The thing is, most of the time our adventures were all in our heads. We could dream up a monster, like the Goatman, to keep us terrified for years. On backyard camp outs our brothers would have been all over the neighborhood getting into all kinds of trouble. We, the girls, stayed in the backyard and got scared imagining trouble coming to us.



My brothers have scars from this little explosion and that little dirt bike wreck. I have some pretty bad scars from learning to shave my legs. But hey, I never enjoyed getting dirty or using too much energy just to have fun so, I'm just sayin......



Our Town







I grew up in an area that, well you wouldn't call it the poor side of town, because it wasn't really a part of the town. But it wasn't the country either. There were no leash laws, but people took care of their pets. Some of those pets were goats and pigs. My next door neighbor had a little goat, named Billy, we played with everyday. One day we were having the strangest meat and Billy was no were to be found. I didn't eat that night.



We had chickens at one time. We made them pets also. That did not end well either.



One of our neighbors was an old maid lawyer and slum lord. We called her Miss Beulah. That was her first name. I thought she was a hundred years old but she was probably sixty or seventy. She always wore those bonnets with the stiff slats on the sides and looked just like the old hen in the Fog Horn Leg Horn cartoons. She was always saying our dogs were killing her chickens. So she would try to poison one of our dogs. Then Daddy would say her chickens were eating his garden and we would have chicken and dumplings. You just can't settle a score with a lawyer like that anymore.

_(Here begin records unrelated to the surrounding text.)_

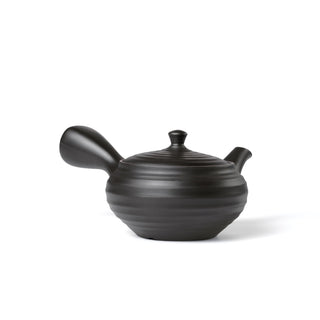 Théière Japonaise - Kyusu Noire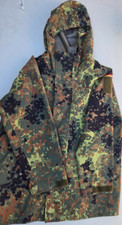 German bundeswehr flecktarn for sale  Santa Maria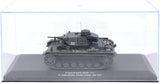 AFV of WWII  1/43 Scale Panzerkampfwagen III (Sd.Kfz. 141) Ukraine 1941 Model Tank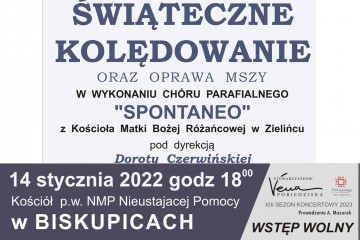 kolendowanie Świąteczne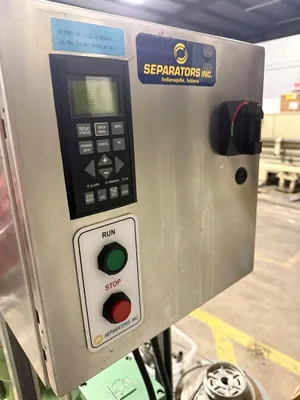 Used _UNKNOWN_ _UNKNOWN_ Disc Stack Centrifuges Florida US | Sanders Equipment #1269906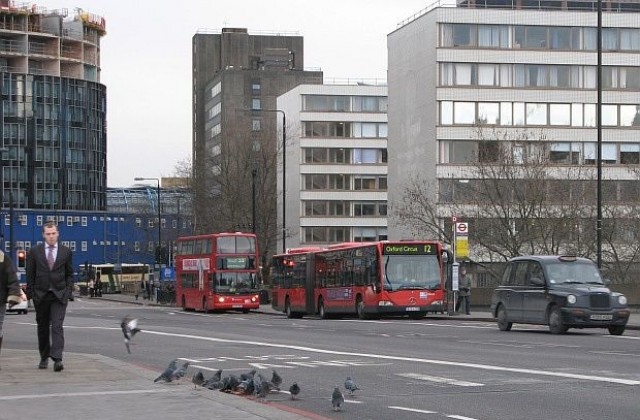 Три български джебчийки са осъдени в Лондон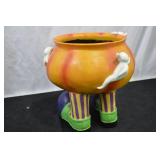 HALLOWEEN PUMPKIN BOWL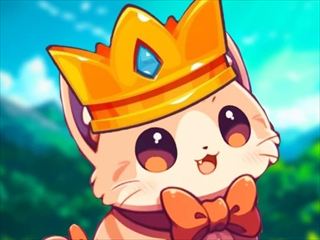 【Kingdom Cats】ゲームをプレイする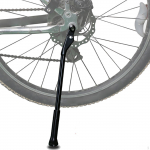 Bike Kickstand Bicycle Kick Stand Adjustable Rear Mount for 24-29 in/ with 5mm Hole juoda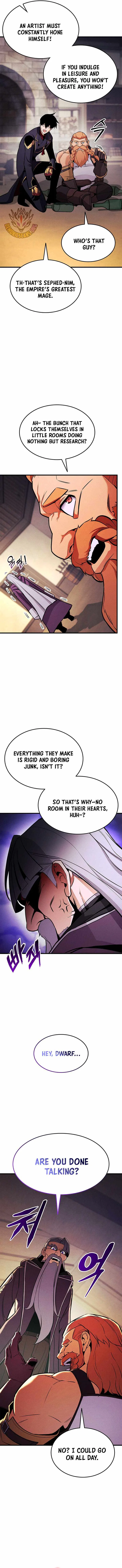 Ranker’s Return (Remake) Chapter 225 – Page 3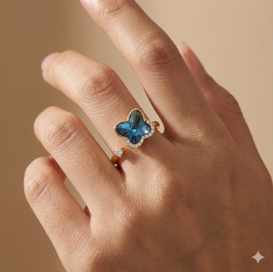 Bague anti-stress — Halo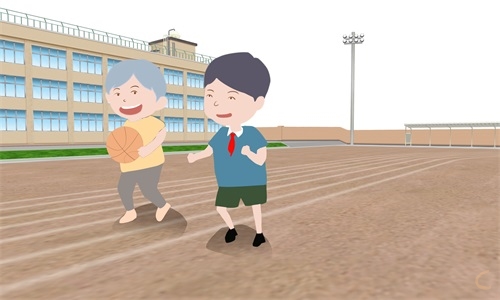 个人体育总结600字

I remember tall trees and picket fences in the neighborhood back then. Kind of like in the movie To Kill A Mocking Bird. We had bicycles and tire swings but no one had a trampoline like kids do now.

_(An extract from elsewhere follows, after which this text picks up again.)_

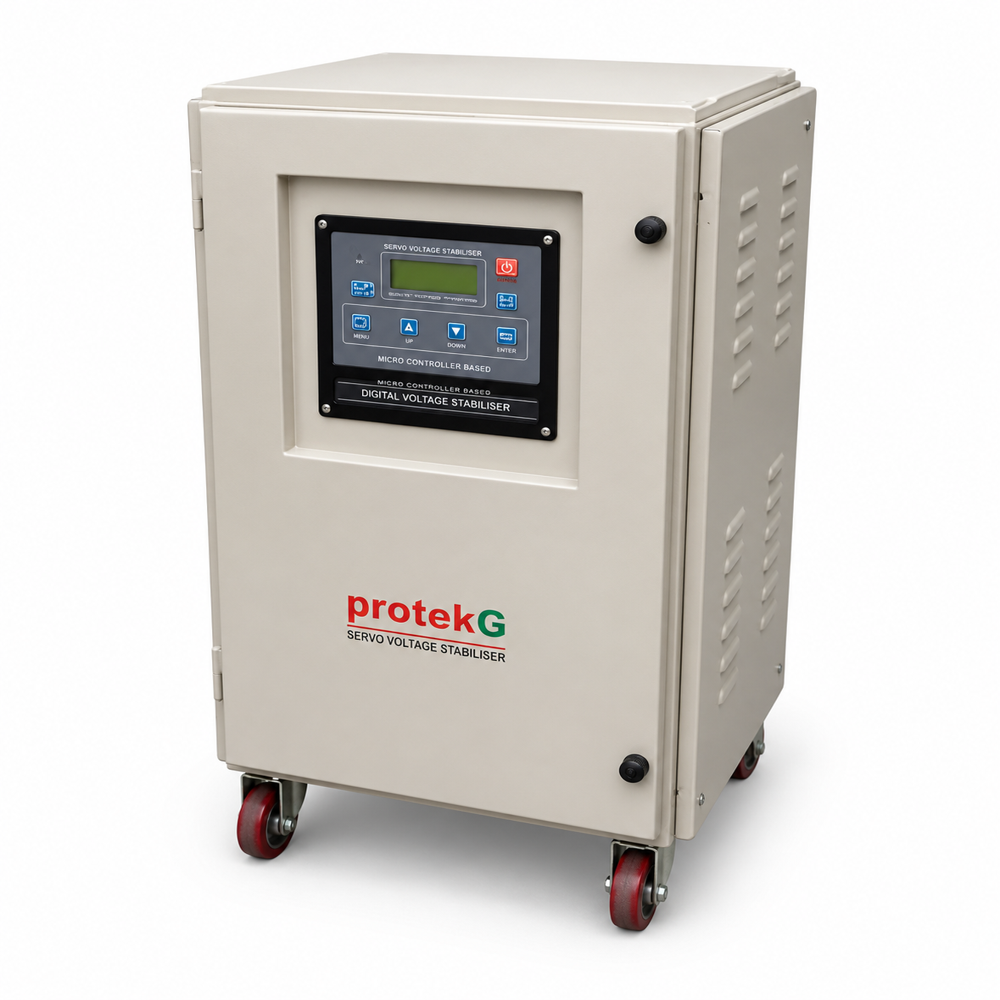 440V Servo Voltage Stabilizer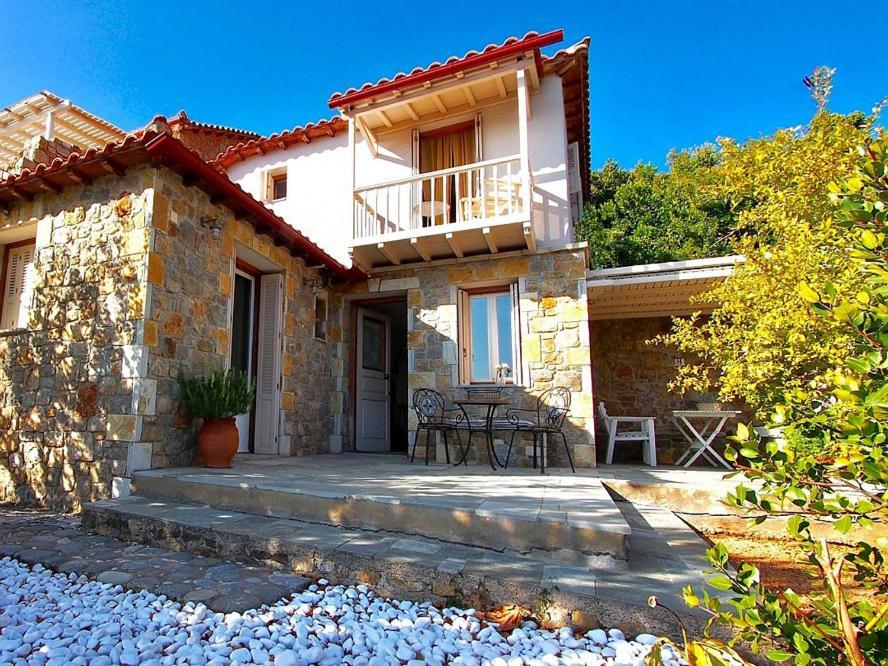 Lithea Villas And Studios By The Sea Agios Petros  Eksteriør bilde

We had a little school that had been around for maybe a hundred years. It only went to third grade and we didn't have kindergarten. Back then you stayed at home with your mom until you were six. Anything you needed to know before then, she taught you.



Our little school was great. The third grade teacher was the principal, another old maid, or unmarried elderly woman, if I must be politically correct. She taught my sister, all my brothers, me and even one of my nieces. The poor thing taught some of my brothers twice, in the same grade. There was a piano in every classroom and we sang and said the pledge of allegiance and prayed. The library was also the lunch room. I never ate lunch at school, though. I walked home every day where my mother had made lunch for me. Sometimes I could smell it on my way home. Homemade rolls or chocolate fried pies were great on those cold days, and we certainly had cold days. But we still walked. It had to be a blizzard or tornado to get my mom out of the house.



I know it was not a wealthy neighborhood, I don't think it was even middle class, but I like to remember the good parts. The families that weren't crazy, the teachers that were sweet and the dogs that didn't bite. I think it was a good place to grow up.